Set is not a functor by Mark Seemann
Sets aren't functors. An example for object-oriented programmers.
This article is an instalment in an article series about functors. The way functors are frequently presented to programmers is as a generic container (Foo<T>
) equipped with a translation method, normally called map, but in C# idiomatically called Select
.
It'd be tempting to believe that any generic type with a Select
method is a functor, but it takes more than that. The Select
method must also obey the functor laws. This article shows an example of a translation that violates the second functor law.
Mapping sets #
The .NET Base Class Library comes with a class called HashSet<T>. This generic class implements IEnumerable<T>
, so, via extension methods, it has a Select
method.
Unfortunately, that Select
method isn't a structure-preserving translation of sets. The problem is that it treats sets as enumerable sequences, which implies an order to elements that isn't part of a set's structure.
In order to understand what the problem is, consider this xUnit.net test:
[Fact] public void SetAsEnumerableSelectLeadsToWrongConclusions() { var set1 = new HashSet<int> { 1, 2, 3 }; var set2 = new HashSet<int> { 3, 2, 1 }; Assert.True(set1.SetEquals(set2)); Func<int, int> id = x => x; var seq1 = set1.AsEnumerable().Select(id); var seq2 = set2.AsEnumerable().Select(id); Assert.False(seq1.SequenceEqual(seq2)); }
This test creates two sets, and by using a Guard Assertion demonstrates that they're equal to each other. It then proceeds to Select
over both sets, using the identity function id
. The return values aren't HashSet<T>
objects, but rather IEnumerable<T>
sequences. Due to an implementation detail in HashSet<T>
, these two sequences are different, because they were populated in reverse order of each other.
The problem is that the Select
extension method has the signature IEnumerable<TResult> Select<T, TResult>(IEnumerable<T>, Func<T, TResult>)

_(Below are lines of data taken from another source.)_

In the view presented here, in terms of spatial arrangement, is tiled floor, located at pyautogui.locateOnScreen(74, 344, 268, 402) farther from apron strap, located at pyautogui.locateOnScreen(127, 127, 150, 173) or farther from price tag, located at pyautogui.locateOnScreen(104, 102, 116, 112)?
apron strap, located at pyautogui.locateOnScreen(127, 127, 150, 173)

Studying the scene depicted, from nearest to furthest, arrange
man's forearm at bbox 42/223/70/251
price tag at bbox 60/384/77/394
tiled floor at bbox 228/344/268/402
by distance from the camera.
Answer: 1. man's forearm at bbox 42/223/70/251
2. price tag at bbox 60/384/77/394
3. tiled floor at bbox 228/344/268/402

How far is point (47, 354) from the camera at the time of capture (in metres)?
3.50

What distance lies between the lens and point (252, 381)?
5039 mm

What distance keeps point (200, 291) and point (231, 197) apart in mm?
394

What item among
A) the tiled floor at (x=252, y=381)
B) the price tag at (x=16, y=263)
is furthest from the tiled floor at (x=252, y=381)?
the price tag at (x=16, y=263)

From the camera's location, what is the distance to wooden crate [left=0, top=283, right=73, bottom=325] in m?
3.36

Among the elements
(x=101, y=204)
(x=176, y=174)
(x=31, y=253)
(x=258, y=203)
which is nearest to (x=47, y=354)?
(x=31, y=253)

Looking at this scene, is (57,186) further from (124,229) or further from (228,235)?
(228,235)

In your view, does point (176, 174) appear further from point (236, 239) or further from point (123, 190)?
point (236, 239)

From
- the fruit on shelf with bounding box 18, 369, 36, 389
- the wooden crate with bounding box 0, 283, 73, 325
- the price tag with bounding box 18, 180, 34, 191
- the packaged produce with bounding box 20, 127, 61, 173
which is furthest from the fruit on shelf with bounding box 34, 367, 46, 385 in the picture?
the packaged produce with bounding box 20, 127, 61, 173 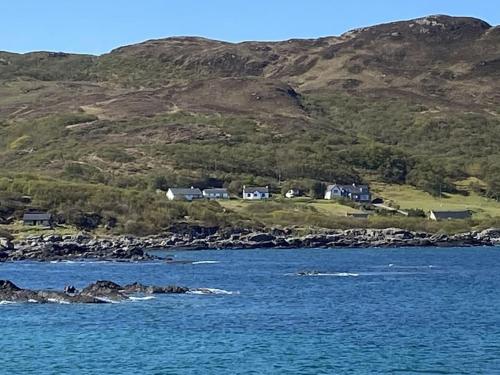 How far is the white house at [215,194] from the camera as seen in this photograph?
14812 centimetres

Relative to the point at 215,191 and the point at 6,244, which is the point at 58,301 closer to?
the point at 6,244

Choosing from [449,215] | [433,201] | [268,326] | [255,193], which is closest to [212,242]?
[255,193]

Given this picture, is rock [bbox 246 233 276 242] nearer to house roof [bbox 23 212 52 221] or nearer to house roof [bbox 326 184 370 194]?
house roof [bbox 23 212 52 221]

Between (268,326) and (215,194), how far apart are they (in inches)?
3893

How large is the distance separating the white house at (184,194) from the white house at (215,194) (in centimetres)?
135

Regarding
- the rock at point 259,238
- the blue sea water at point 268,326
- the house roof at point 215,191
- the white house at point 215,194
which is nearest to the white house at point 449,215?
the rock at point 259,238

. It doesn't operate on HashSet<T>
, but instead treats it as an ordered sequence of elements. A set isn't intrinsically ordered, so that's not the translation you need.

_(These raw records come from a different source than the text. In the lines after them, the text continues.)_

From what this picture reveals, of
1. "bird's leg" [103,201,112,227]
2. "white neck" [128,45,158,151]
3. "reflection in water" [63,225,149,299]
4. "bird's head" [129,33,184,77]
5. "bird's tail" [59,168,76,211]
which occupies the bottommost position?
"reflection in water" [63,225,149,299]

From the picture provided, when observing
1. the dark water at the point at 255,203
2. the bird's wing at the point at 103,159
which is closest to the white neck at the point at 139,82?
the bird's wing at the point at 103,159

To be clear, IEnumerable<T>
is a functor (as long as the sequence is referentially transparent). It's just not the functor you're looking for. What you need is a method with the signature HashSet<TResult> Select<T, TResult>(HashSet<T>, Func<T, TResult>)

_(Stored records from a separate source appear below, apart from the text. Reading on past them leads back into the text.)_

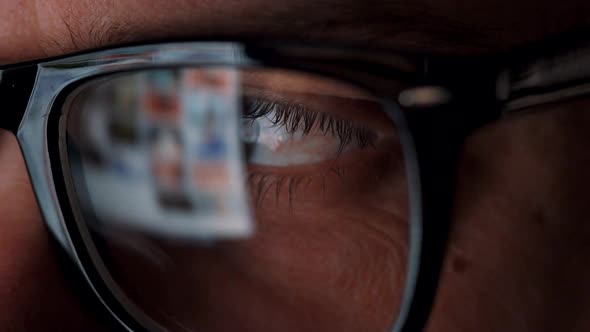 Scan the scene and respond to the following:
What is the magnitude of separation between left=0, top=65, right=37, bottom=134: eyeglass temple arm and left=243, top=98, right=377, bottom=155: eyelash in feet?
1.04

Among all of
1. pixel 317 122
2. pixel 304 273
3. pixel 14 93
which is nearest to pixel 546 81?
pixel 317 122

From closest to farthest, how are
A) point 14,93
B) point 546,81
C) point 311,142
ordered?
point 546,81 < point 311,142 < point 14,93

. Fortunately, such a method is trivial to implement:
public static HashSet<TResult> Select<T, TResult>( this HashSet<T> source, Func<T, TResult> selector) { return new HashSet<TResult>(source.AsEnumerable().Select(selector)); }
This extension method offers a proper Select
method that translates one HashSet<T>
into another. It does so by enumerating the elements of the set, then using the Select
method for IEnumerable<T>
, and finally wrapping the resulting sequence in a new HashSet<TResult>
object.
This is a better candidate for a translation of sets. Is it a functor, then?
Second functor law #
Even though HashSet<T>
and the new Select
method have the correct types, it's still only a functor if it obeys the functor laws. It's easy, however, to come up with a counter-example that demonstrates that Select
violates the second functor law.
Consider a pair of conversion methods between string
and DateTimeOffset
:
public static DateTimeOffset ParseDateTime(string s) { DateTimeOffset dt; if (DateTimeOffset.TryParse(s, out dt)) return dt; return DateTimeOffset.MinValue; } public static string FormatDateTime(DateTimeOffset dt) { return dt.ToString("yyyy'-'MM'-'dd'T'HH':'mm':'sszzz"); }
The first method, ParseDateTime
, converts a string
into a DateTimeOffset
value. It tries to parse the input, and returns the corresponding DateTimeOffset
value if this is possible; for all other input values, it simply returns DateTimeOffset.MinValue
. You may dislike how the method deals with input values it can't parse, but that's not important. In order to prove that sets aren't functors, I just need one counter-example, and the one I'll pick will not involve unparseable strings.
The FormatDateTime
method converts any DateTimeOffset
value to an ISO 8601 string.
The DateTimeOffset
type is the interesting piece of the puzzle. In case you're not intimately familiar with it, a DateTimeOffset
value contains a date, a time, and a time-zone offset. You can, for example create one like this:
> new DateTimeOffset(2018, 4, 17, 15, 9, 55, TimeSpan.FromHours(2)) [17.04.2018 15:09:55 +02:00]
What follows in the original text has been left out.